Work to be completed:
Starting at the line that contains "موضوع ماده 118", write out each line through the end of the data below, exactly as it stands. Skip any pictures.

(Records from a collection)

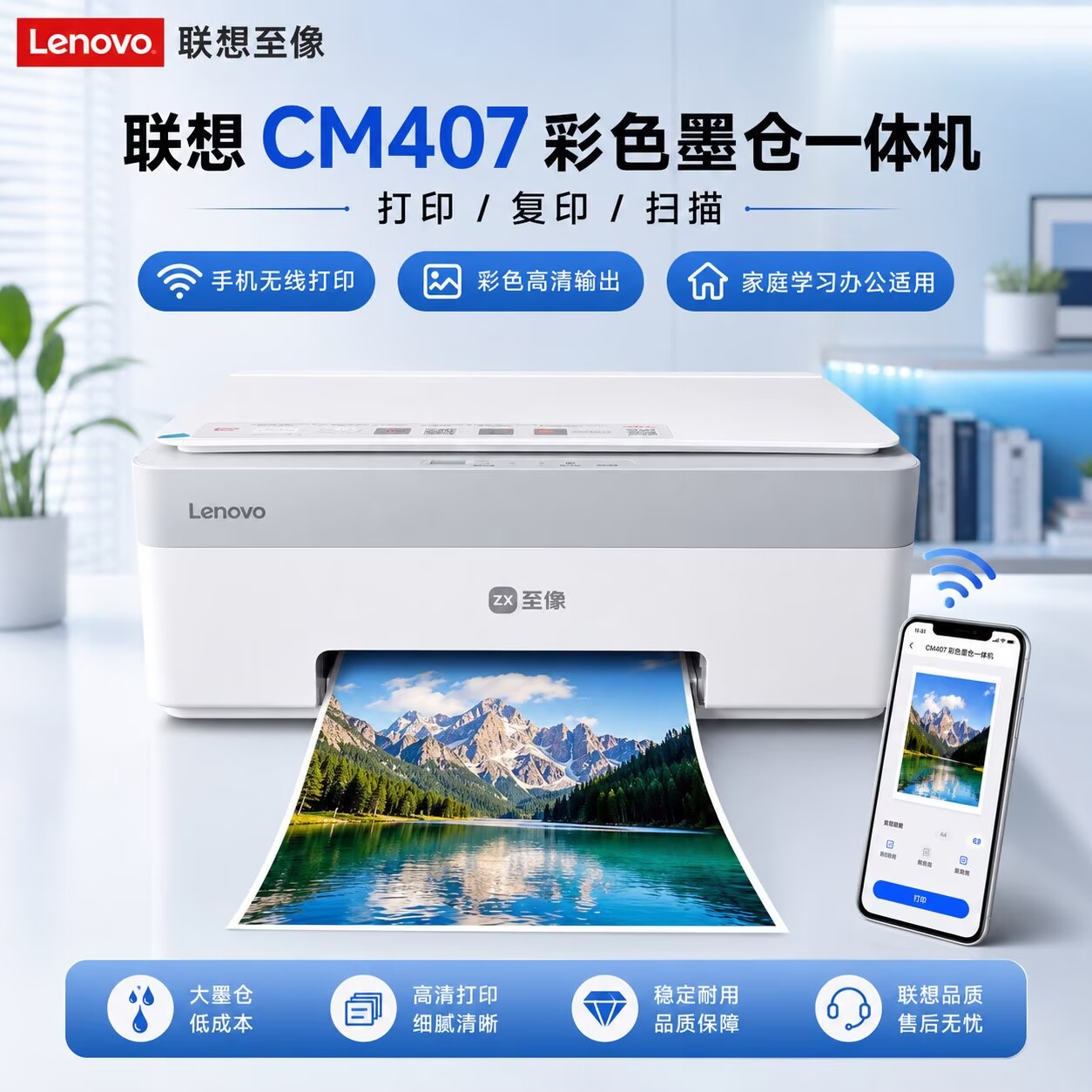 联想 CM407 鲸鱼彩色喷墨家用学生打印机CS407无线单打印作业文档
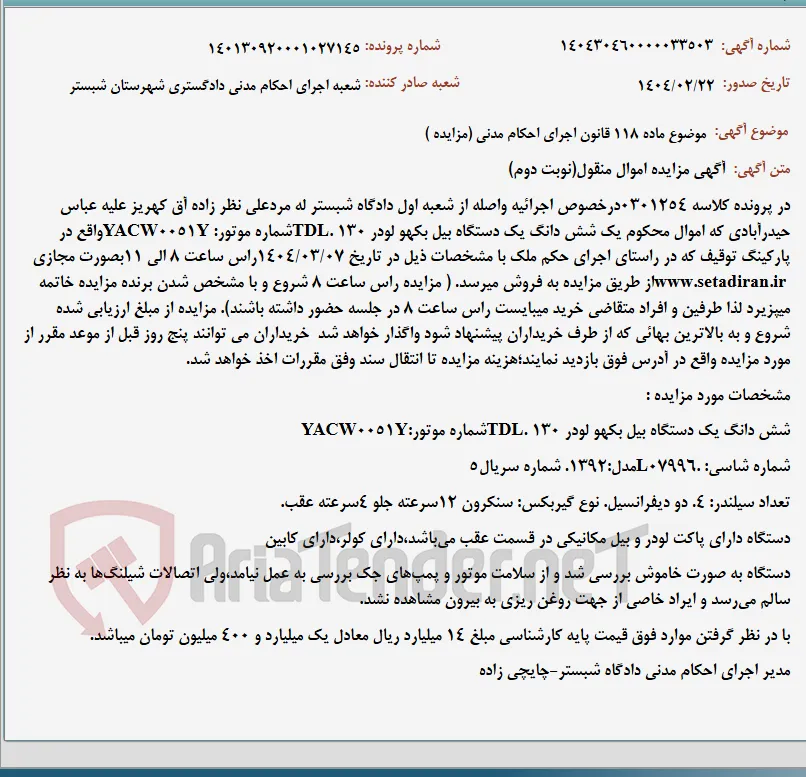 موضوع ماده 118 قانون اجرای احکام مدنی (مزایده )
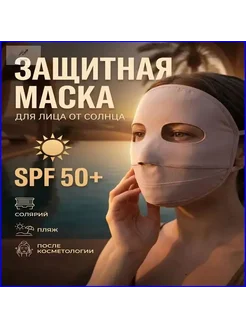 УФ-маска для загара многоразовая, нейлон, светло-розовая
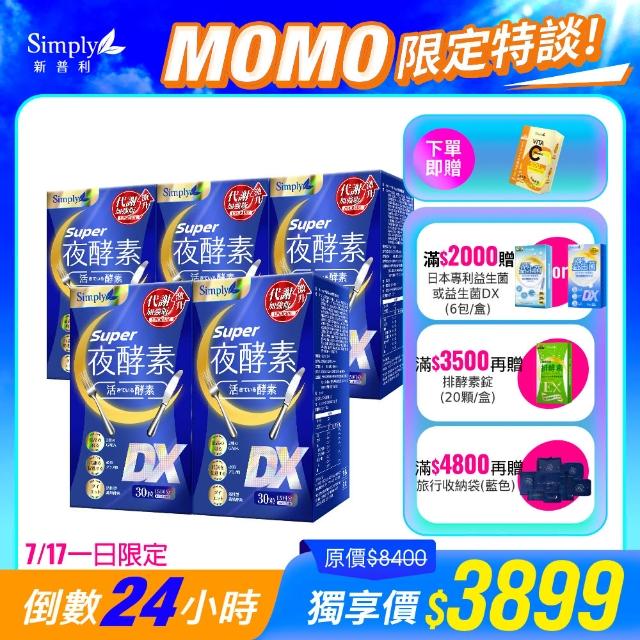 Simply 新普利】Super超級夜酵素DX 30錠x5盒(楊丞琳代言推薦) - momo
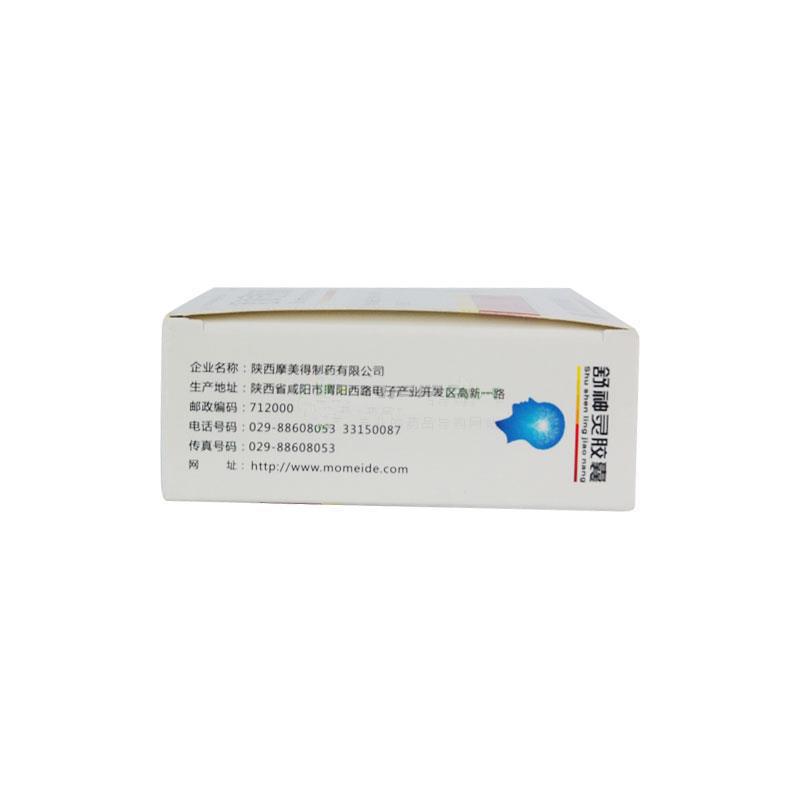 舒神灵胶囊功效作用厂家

Final answer:
 موضوع ماده 118 قانون اجرای احکام مدنی (مزایده )
 УФ-маска для загара многоразовая, нейлон, светло-розовая
 Simply 新普利】Super超級夜酵素DX 30錠x5盒(楊丞琳代言推薦) - momo
 舒神灵胶囊功效作用厂家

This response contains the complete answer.